Ukrainian President Viktor Yanukovych
Ukrainian President Viktor Yanukovych
The Soviet Union used to propagate the notion that dissidents were funded by Western intelligence agencies.

Today, those same (now, post-Soviet) elites, push an updated version of this notion, by arguing that their opponents work with Western foundations and NGOs to foment democratic “revolutions.”

In Ukraine, President Viktor Yanykovych’s campaign against the opposition is an outgrowth of his Party of Regions’ alarm about the Arab Spring and of his rapidly collapsing popular support.

In 2003-2004, when the Communist Party (KPU) and Party of Regions first raised this fear of “revolution,” the threat was portrayed as a contagion spread by the 2000 Serbian and 2003 Georgian democratic revolutions.

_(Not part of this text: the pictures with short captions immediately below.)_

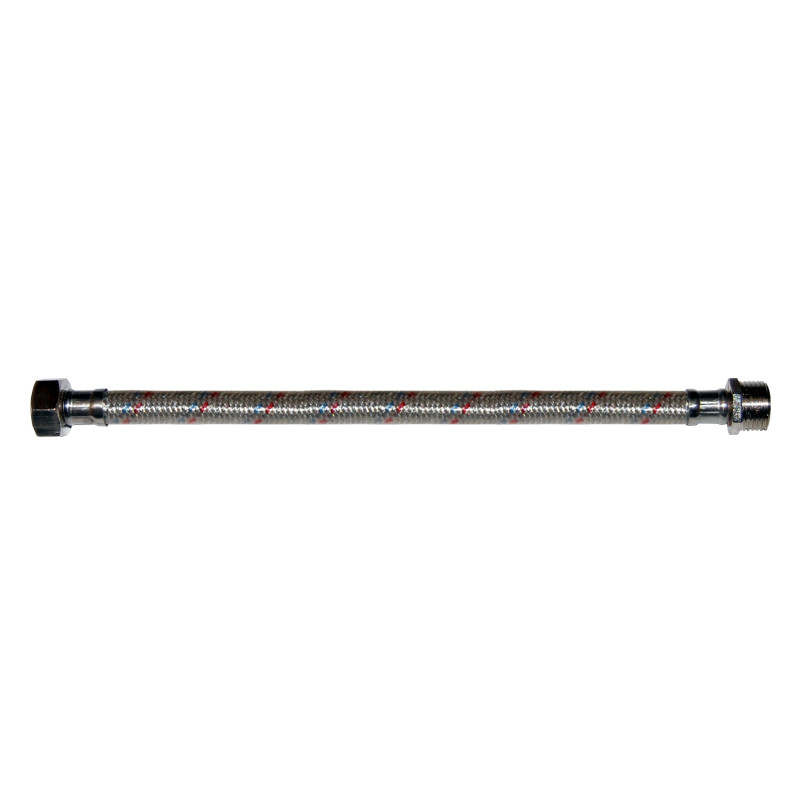 Racord flexibil apa, EPDM + tresa metalica, cu protectie PVC, 1/2" - niplu, L 300 mm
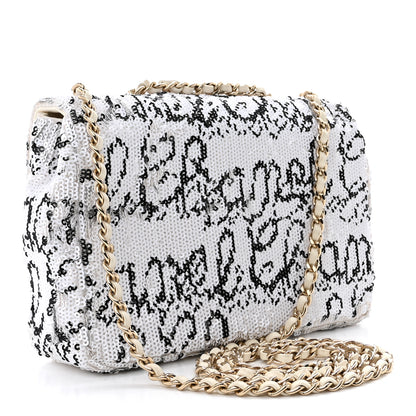 Chanel Sequin Logo Mini Rectangular Flap White Black 3 of 12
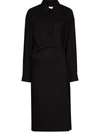 Lemaire Twisted Cotton Poplin Midi Shirt Dress In Black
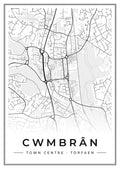 Street map poster of Cwmbrân town centre, Torfaen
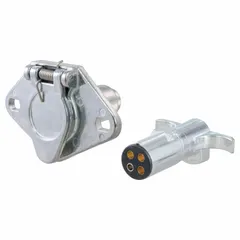 Plastic 4-way flat connector for linking tow vehicle electrical system to trailer lights. Includes dust cover for protection. Suitable for utility trailers, boat trailers, and small RVs.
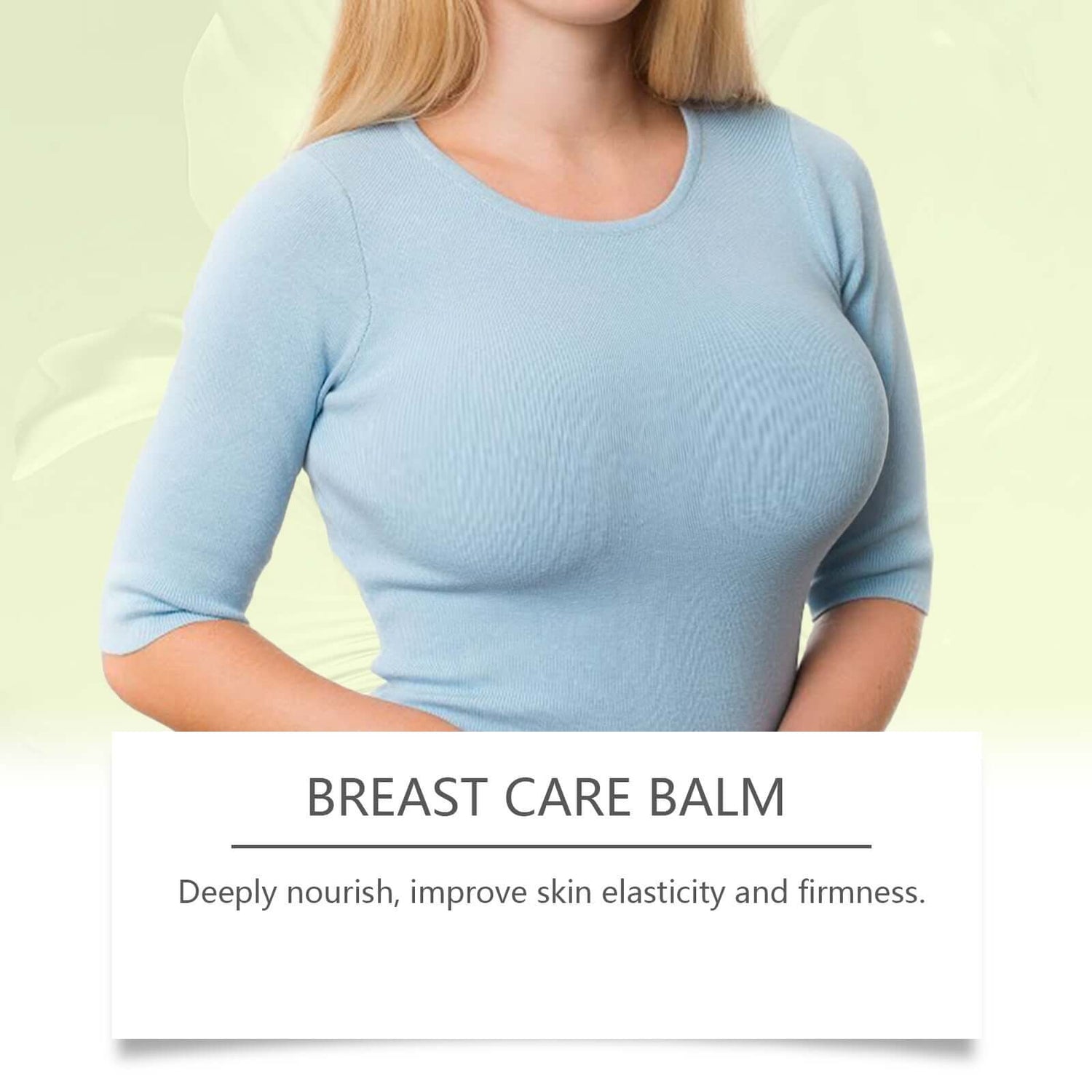 Crème hydratante à base de plantes pour la poitrine, soin nourrissant et apaisant, en pot blanc avec étiquette verte.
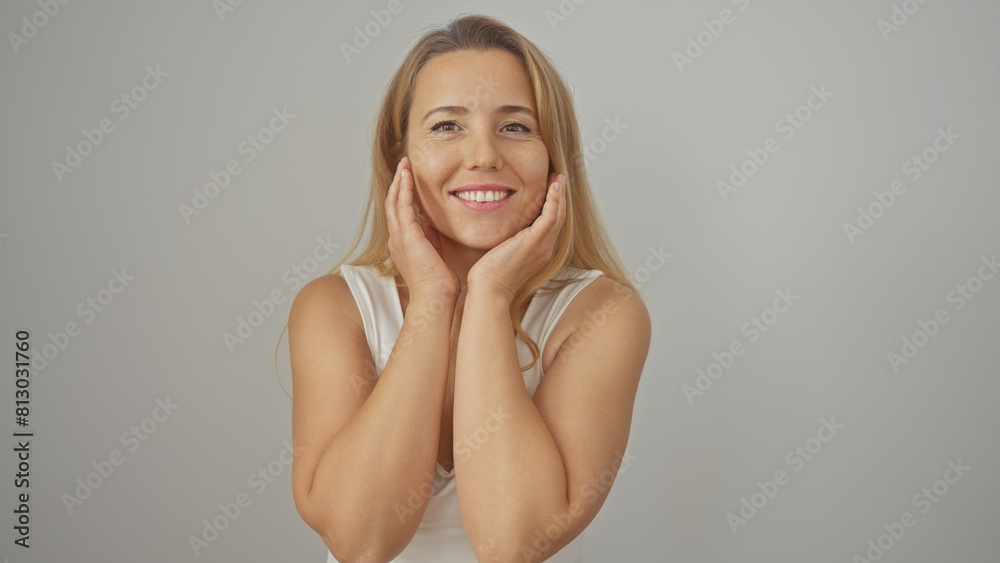 Fototapeta premium Portrait of a smiling young adult blonde woman isolated on a white background, looking happy and beautiful.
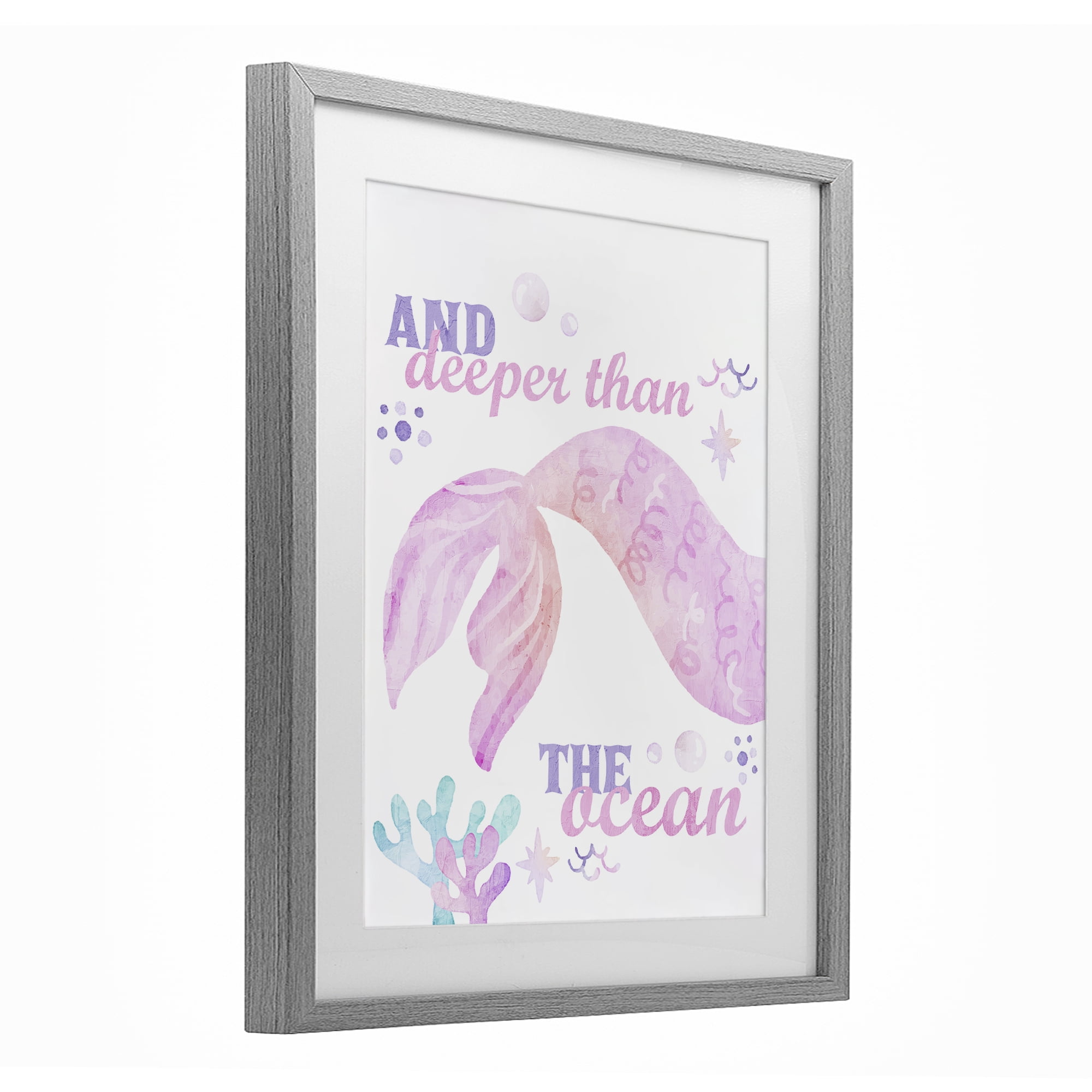 Deeper Than The Ocean Gray Framed Print Under Glass, design by Kim Allen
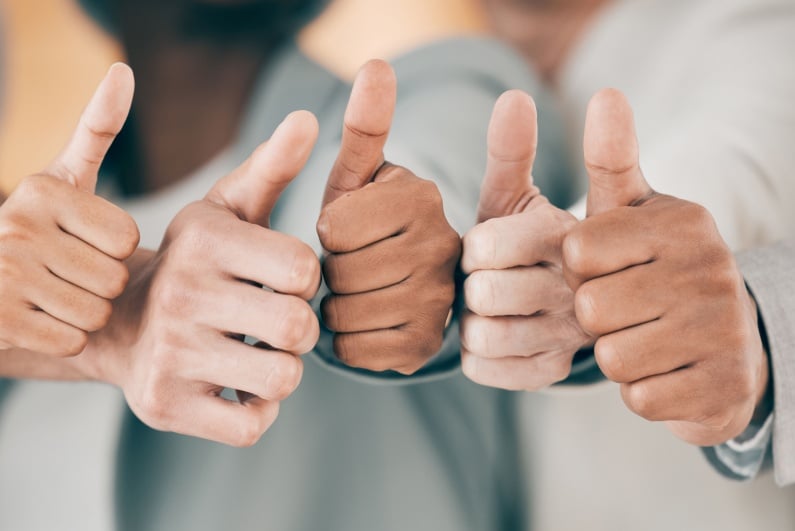 Five thumbs up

Yanukovych sees the world through the prism of foreign conspiracies, continuing to believe the Orange Revolution was not an authentic popular uprising but a US conspiracy to deny him the presidency that he allegedly won.

For instance, he believes that former Economics Minister Bohdan Danylyshyn was granted asylum in the Czech Republic only after bribes were paid to Czech ministers, and that Western criticism of his administration is written by paid hacks. (The Czech government believes that the expulsion last week of two of its diplomats was Kyiv’s response to the granting of asylum).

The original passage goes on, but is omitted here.